PROBLEM TO SOLVE:
Starting at the line that contains "EVH SA-126 Special, QM", write out each line exactly through the last one in the material below, and nothing more; omit all pictures.

DATASET EXTRACT:
------------------------

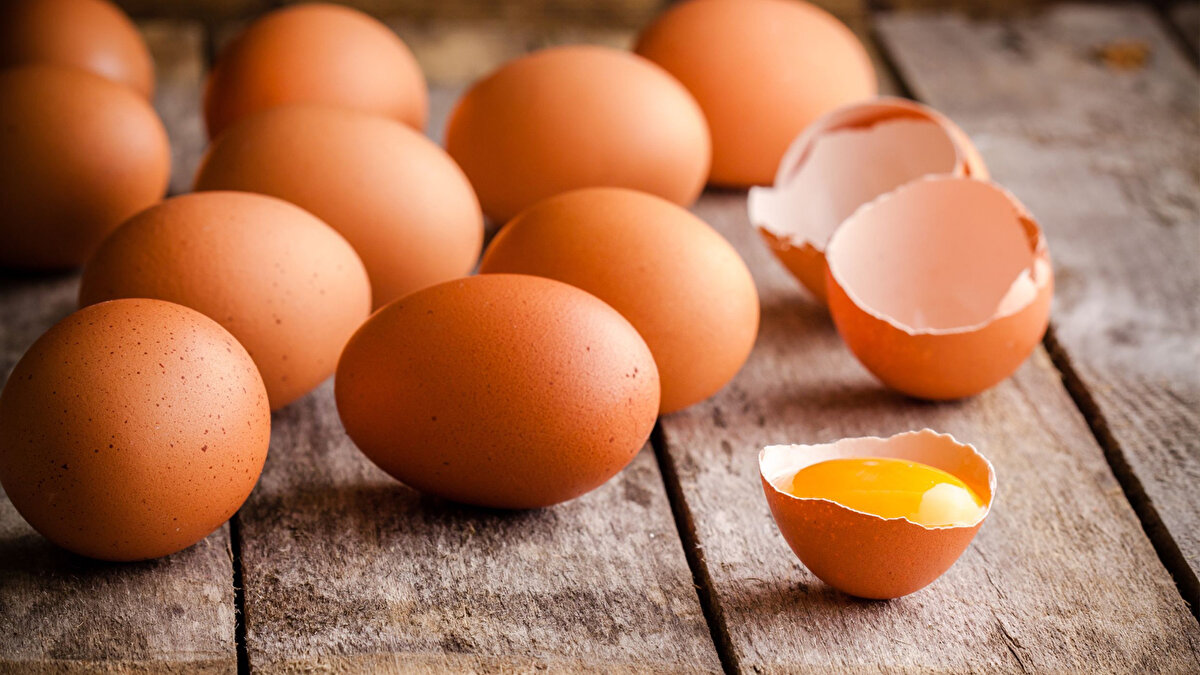 Ticaret Bakanlığından yapılan yazılı açıklamada 25 Şubat tarihinde alınan kararla sofralık yumurta ihracatında kilogram başına 0.50 ABD Doları DFİF kesintisi yapıldığı hatırlatılarak, "2024 yılının son çeyreğinde yaşanan kuş gribi salgını yumurta üretimini önemli ölçüde azaltmış; artan iç talep, fiyatlar üzerinde yukarı yönlü baskı oluşturmuştur. Halkımızın uygun fiyatla yumurtaya erişimini sürdürülebilir kılmak amacıyla, 25 Şubat 2025 tarihli ve 9526 sayılı Cumhurbaşkanı Kararı ile sofralık yumurta ihracatına kilogram başına 0,50 ABD Doları tutarında DFİF kesintisi uygulanmaya başlanmıştır" ifadelerine yer verildi.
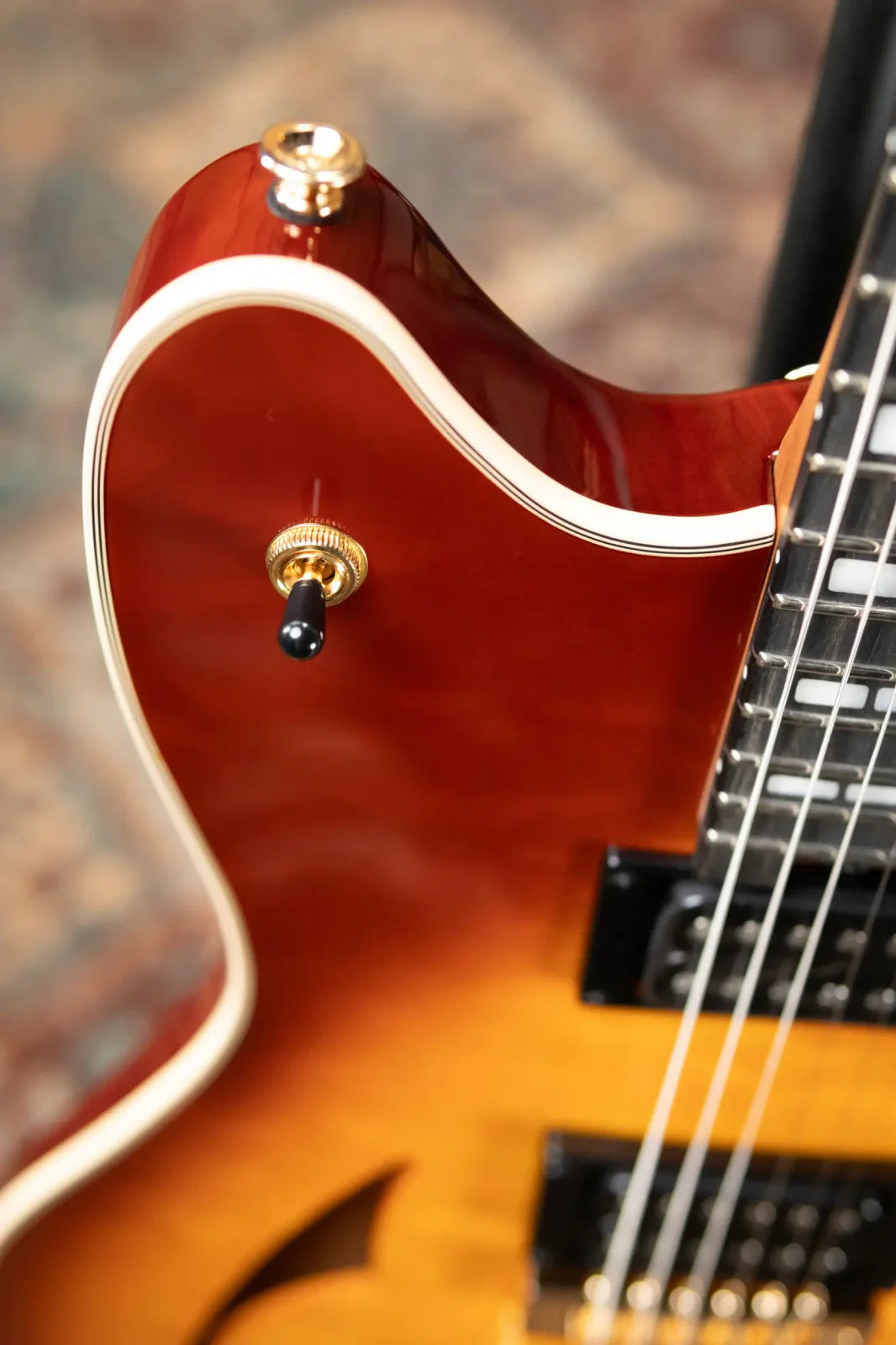 EVH SA-126 Special, QM - Tobacco Sunburst with Hardshell Case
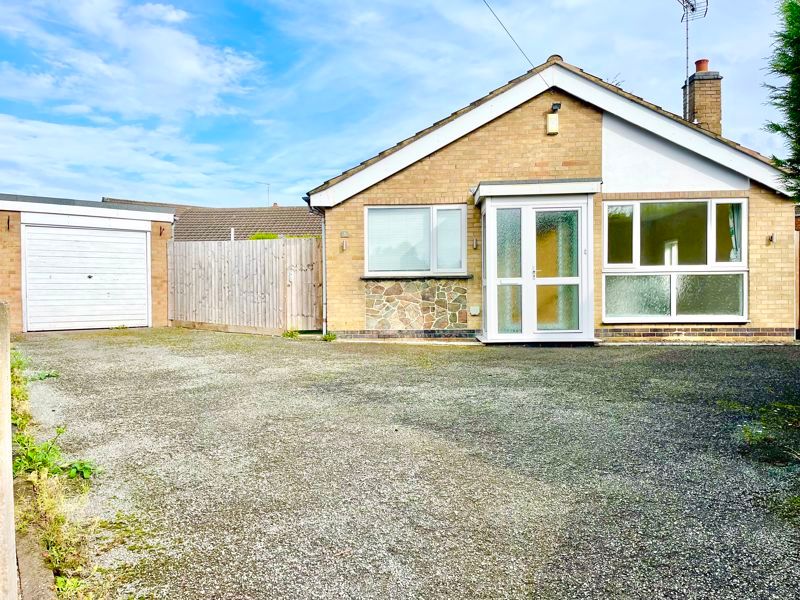 2 bed detached bungalow for sale in Tavistock Close, Hugglescote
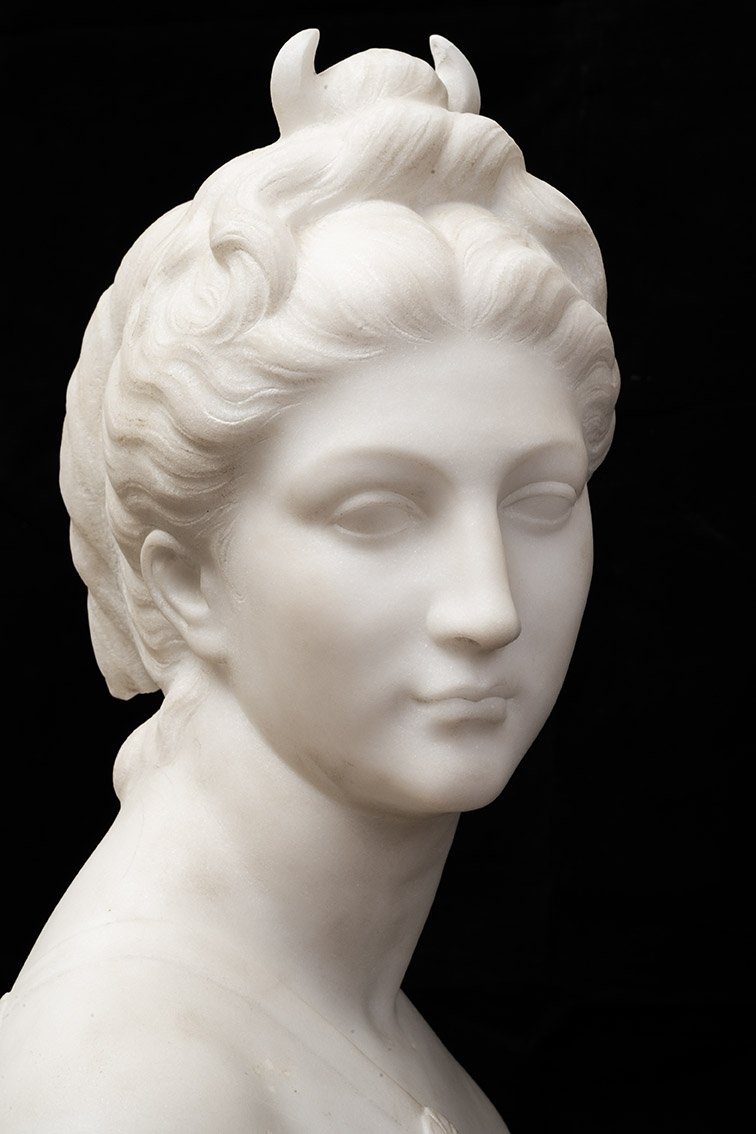 Sculpture néoclassique ancienne en marbre blanc, France, XIXe siècle.-photo-1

------------------------

FINISHED TASK:
 EVH SA-126 Special, QM - Tobacco Sunburst with Hardshell Case
 2 bed detached bungalow for sale in Tavistock Close, Hugglescote
 Sculpture néoclassique ancienne en marbre blanc, France, XIXe siècle.-photo-1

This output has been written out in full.